Tapi ia sadar akan kuatnya pandangan kaum tradisionalis (terutama di bawah pengaruh Ibnu Hambal) dan kemungkinan para penguasa untuk bertindak sewenang-wenang. Al-Kindi sering dikaitkan dengan pemikiran "rasionalis" kaum Mu'tazilah—kedua khalif di Bagdad adalah pelopornya—tapi hubungannya dengan istana tak selamanya mesra. Pada tahun 833, atas nama iman yang "rasional", sebuah pembersihan yang kejam, Mihnah, dilancarkan terhadap mereka yang tak sepaham. Beberapa tahun kemudian Al-Kindi sendiri mengalami nasib buruk: dua orang ilmuwan menghasut Khalif al-Mutawakkil agar menyita perpustakaan sang filsuf, dan bahkan Al-Kindi dianiaya secara fisik.
Untung, perpustakaan yang kaya itu kemudian dikembalikan. Tapi seorang pemikir di zaman itu tak mudah hidup tenteram.
Selintas, Bagdad di abad ke-9 adalah zaman keemasan pemikiran. Buku dari pelbagai arah, terutama dari para pemikir Yunani, diterjemahkan. Al-Kindi hidup hampir persis sezaman dengan penerjemah utama zaman itu, Hunayn bin Ishaq, seorang cendekiawan Kristen. Ia sendiri memimpin grup yang mengalihbahasakan karya Aristoteles, Alexander dari Aphrodisias, Plotinus, dan Proclus.
Tapi orientasi kepada Yunani ini bukan satu-satunya corak masa itu. Peter Adamson, dalam Al-Kindi (2007), yang meriwayatkan dunia intelektual penulis kitab Fi al-Falsafa al-Ula itu, menyebutkan bahwa abad ke-9 juga masa berkembangnya ilm al-kalam, telaah theologis dalam Islam. Kita tahu, di mana pun theologi bukan teman yang selalu diinginkan (dan menginginkan) filsafat. Para pakar theologi, kaum mutakallimun, memberi rasionalisasi kepada dasar-dasar agama. Filsafat mempertanyakan semuanya dari dasar.

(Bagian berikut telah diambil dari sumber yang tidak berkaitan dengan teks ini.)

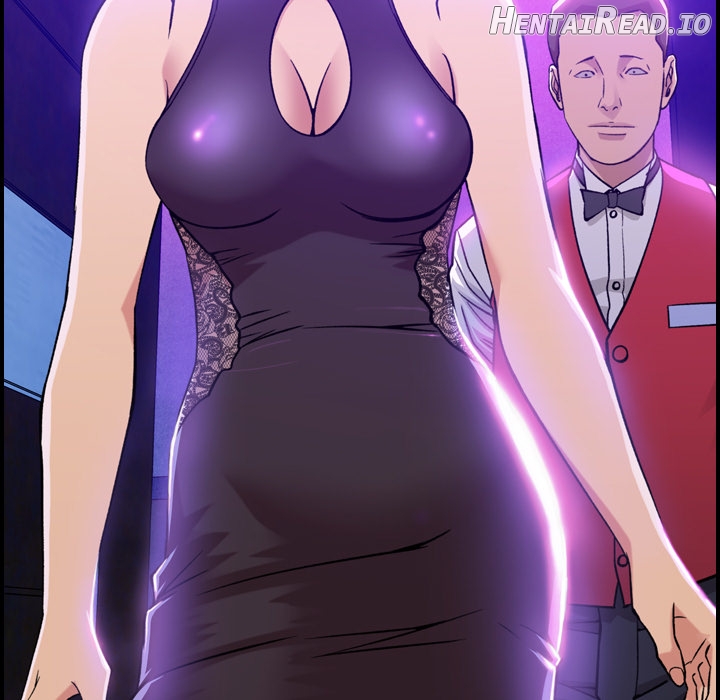 Flames - Manhwa Chapter 1 - page 7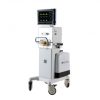 ICU Ventilator MV 2000 | Teknologi Ventilasi Canggih Dewasa-Neonatal 1 |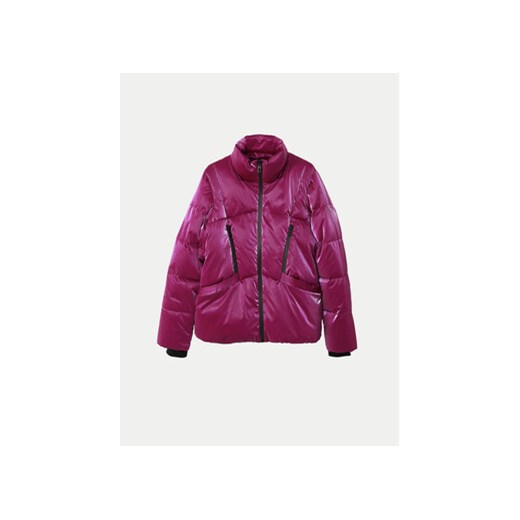 Kurtka damska Desigual 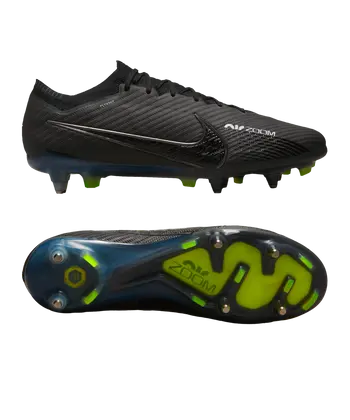Nike Air Zoom Mercurial Vapor XV Shadow Elite SG-Pro AC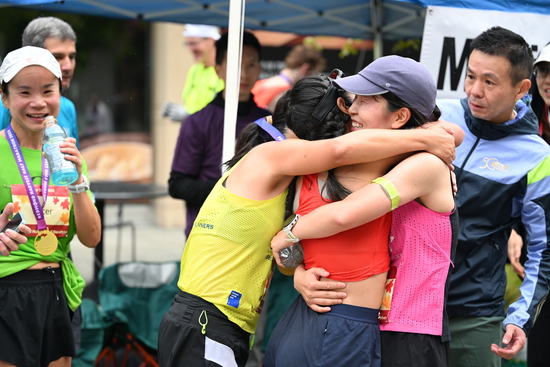 race_147339_335325_94a83620-3558-43fd-a143-550dfbdc7738.jpg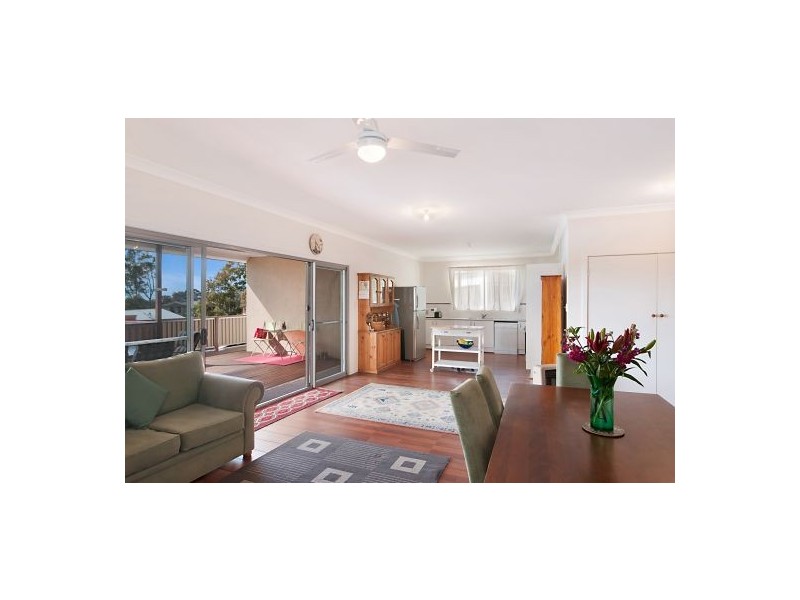 32 Karalee Street, Wadalba NSW 2259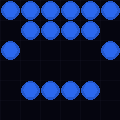 131.0.32.247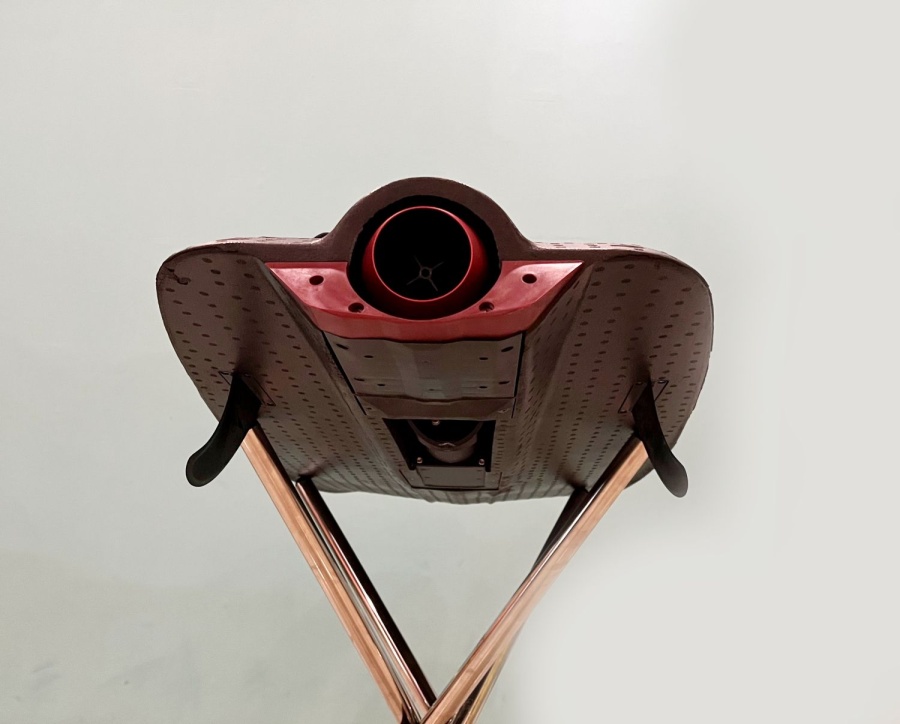 купить Электросёрф Prosurf G-J06 EPP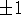 tex2html_wrap_inline2506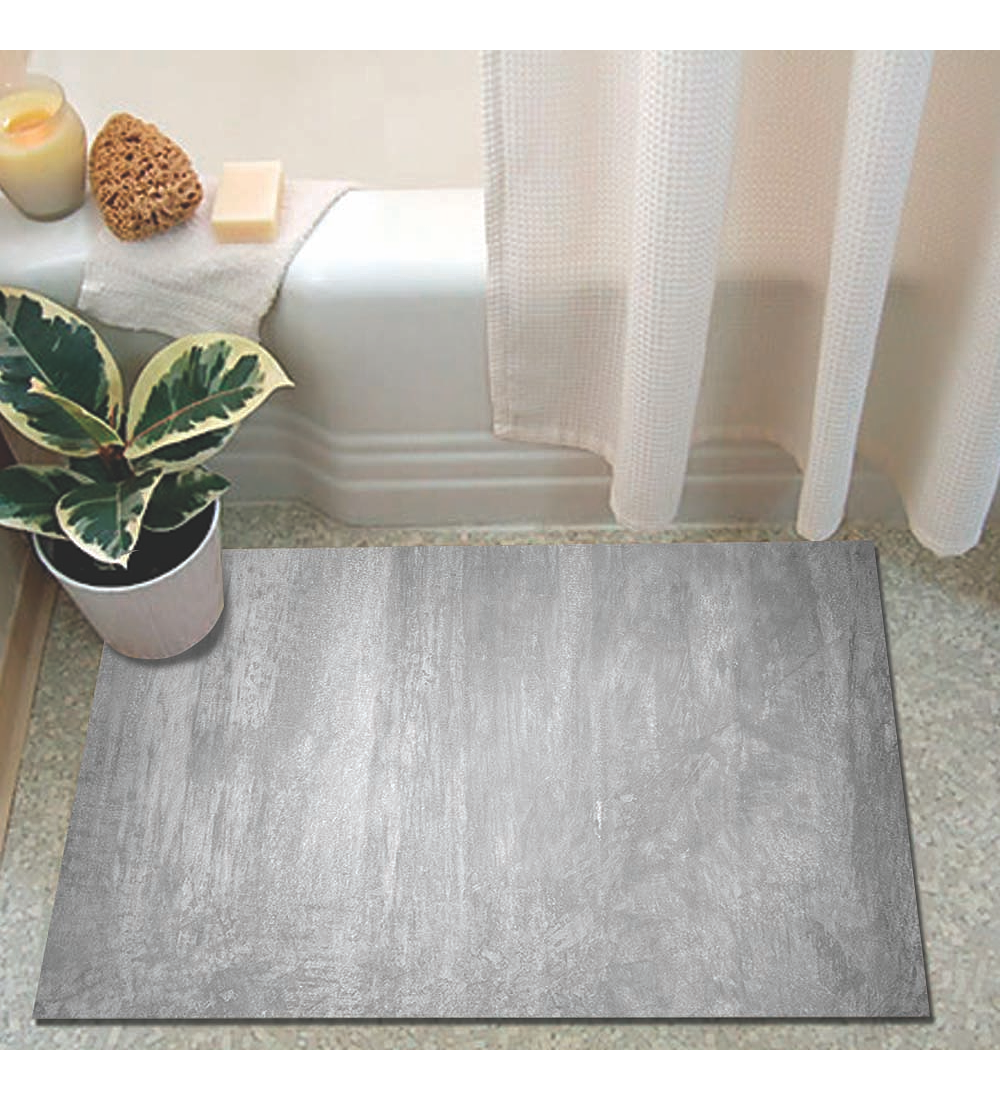 Cemento Gris (a medida) 100 x 300 cm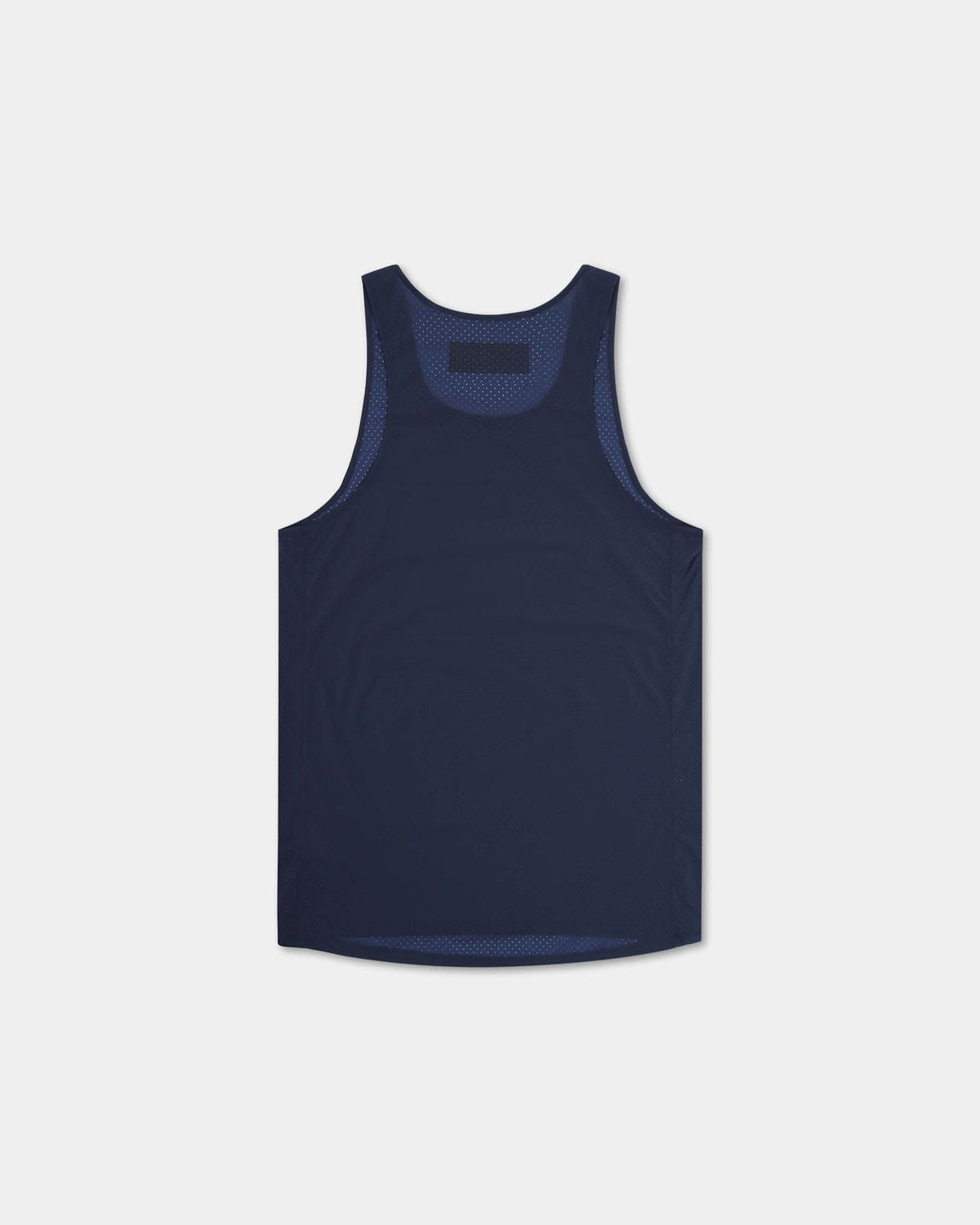 Men's Racer Tank - Oceana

Al-Kindi memang hidup di masa ketika pengaruh Yunani yang kuat—baik melalui tafsir atas Plato maupun atas Aristoteles—menegaskan pentingnya telaah nalar dalam kehidupan. Ia tak mempertentangkan filsafat dengan agama. Tapi jelas, baginya filsafat pemegang peran penting dalam menemukan Kebenaran.
Lebih mencolok lagi apa yang kemudian dikatakan Alfarabi (850-950). Bagi filosof yang dielu-elukan sebagai "Guru Kedua" ini (sang Guru Pertama: Aristoteles), filsafat bahkan "mendahului" agama. Filsafat memaparkan asas-asas yang paling dasar yang dicerap oleh intelek. Agama menjelaskannya dengan imaji-imaji dan perumpamaan. Intelek aktif manusia, yang kadang disebut aql al-fa'al, menerima terusan Intelek Pertama. Dengan kata lain, Tuhan tak langsung bertindak ke dalam kehidupan di bumi.
Bagi kaum mutakallimun—dan tak hanya bagi mereka—pandangan seperti ini terlalu jauh mengembara di negeri asing. Maka ketika kemudian di abad ke-11 Al-Ghazali menulis karya polemisnya yang termasyhur, Tahâfut al-Falâsifa yang menyerang beberapa argumen dalam filsafat Ibnu Sina (980-1037)—yang sejalan dengan pendahulunya, Alfarabi—banyak kaum tradisionalis yang bertepuk: filsafat layak mati.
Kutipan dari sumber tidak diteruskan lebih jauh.